→ Exercise
Please write the listing below out again exactly, leaving every picture behind.

→ Given data
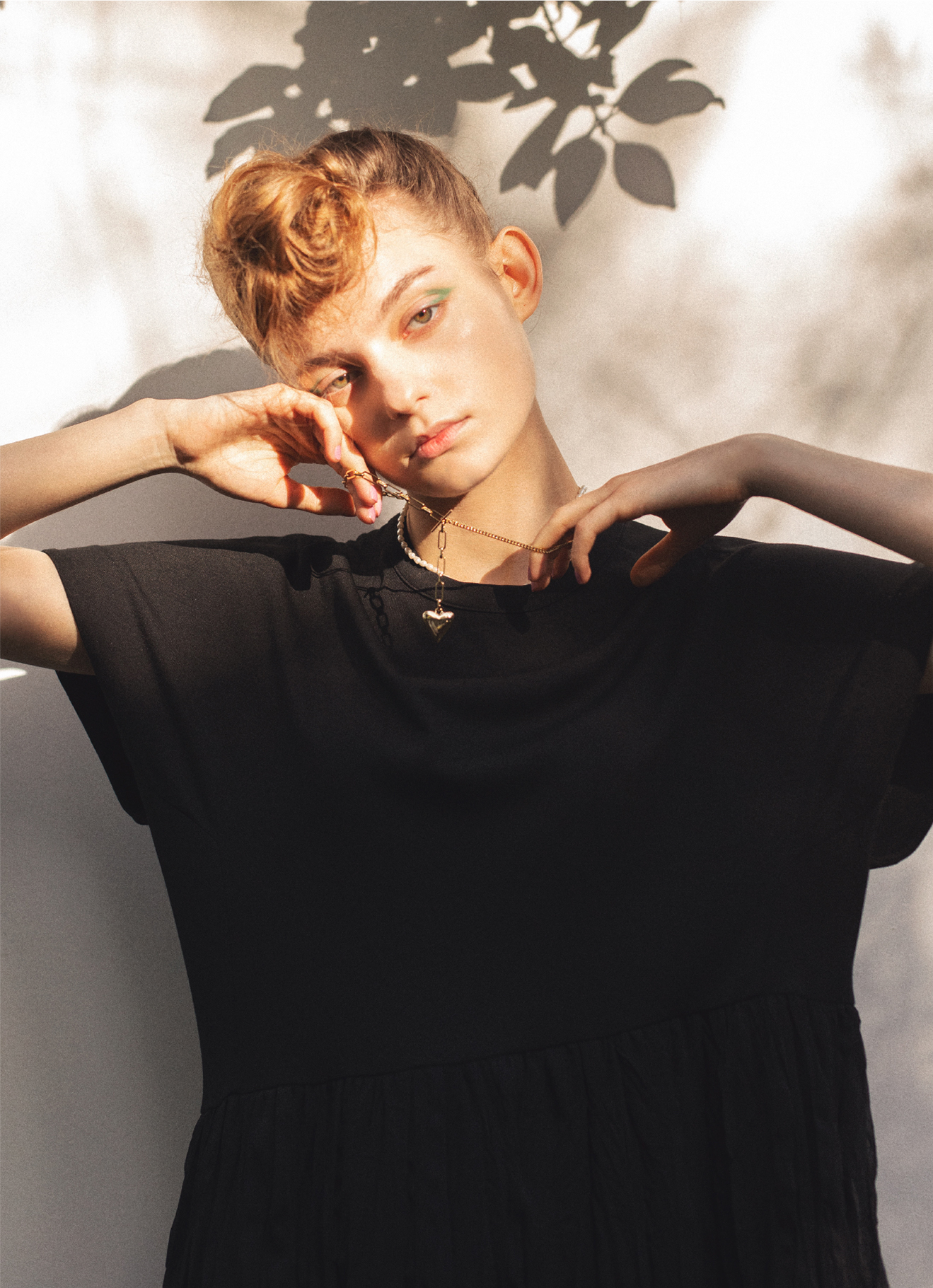 SUMMER ESCAPE 夏に着たい華やかなブラック || FURFUR（ファー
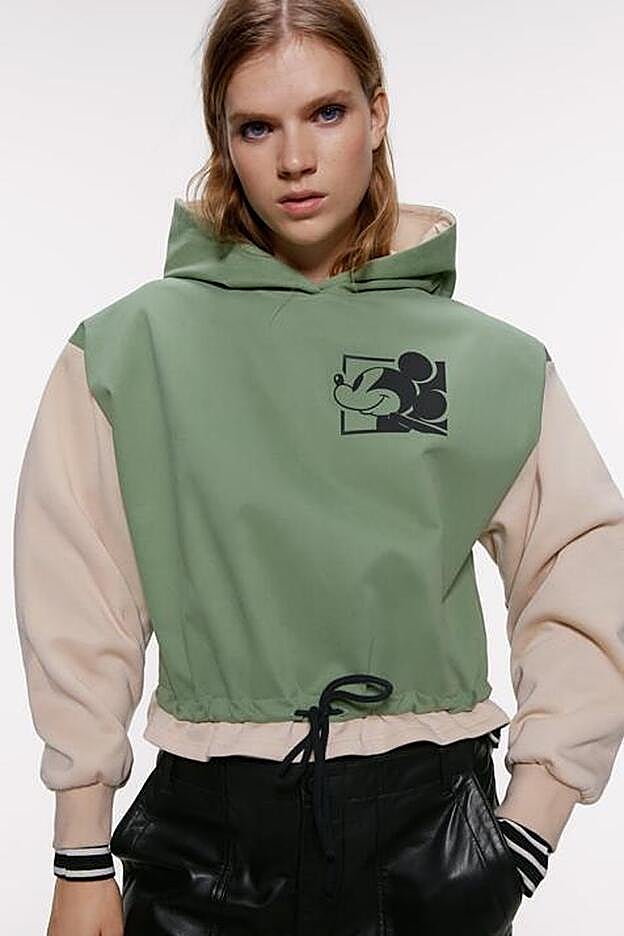 Suadera de Mickey Mouse de Zara (39,95 euros).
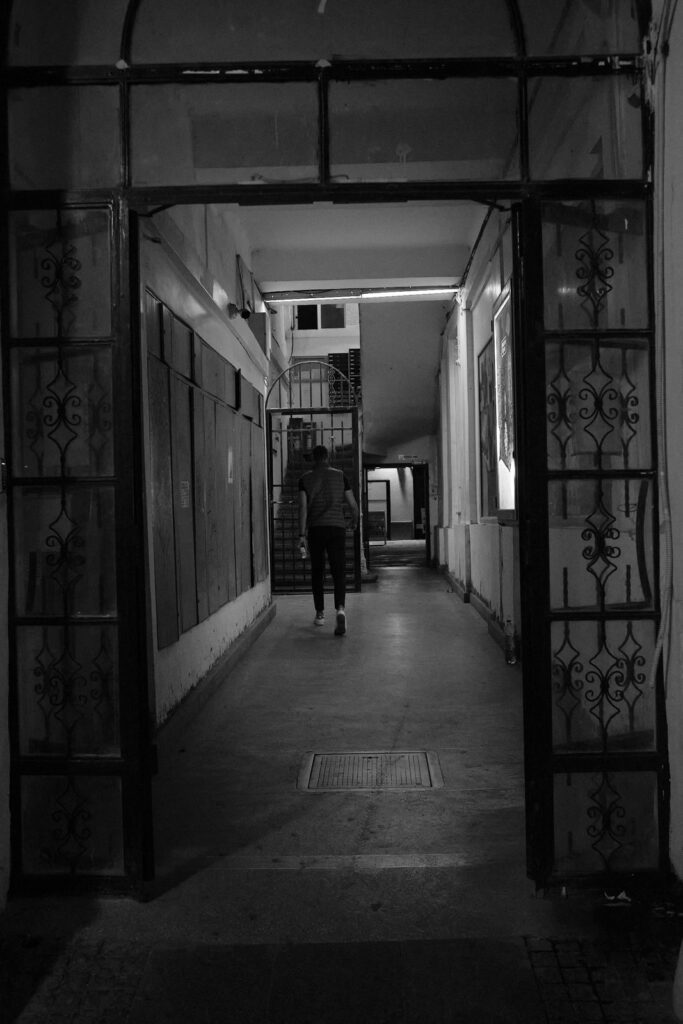Black and white doorway or window detail in Belgrade, photo 11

→ Solution below
 SUMMER ESCAPE 夏に着たい華やかなブラック || FURFUR（ファー
 Suadera de Mickey Mouse de Zara (39,95 euros).
Black and white doorway or window detail in Belgrade, photo 11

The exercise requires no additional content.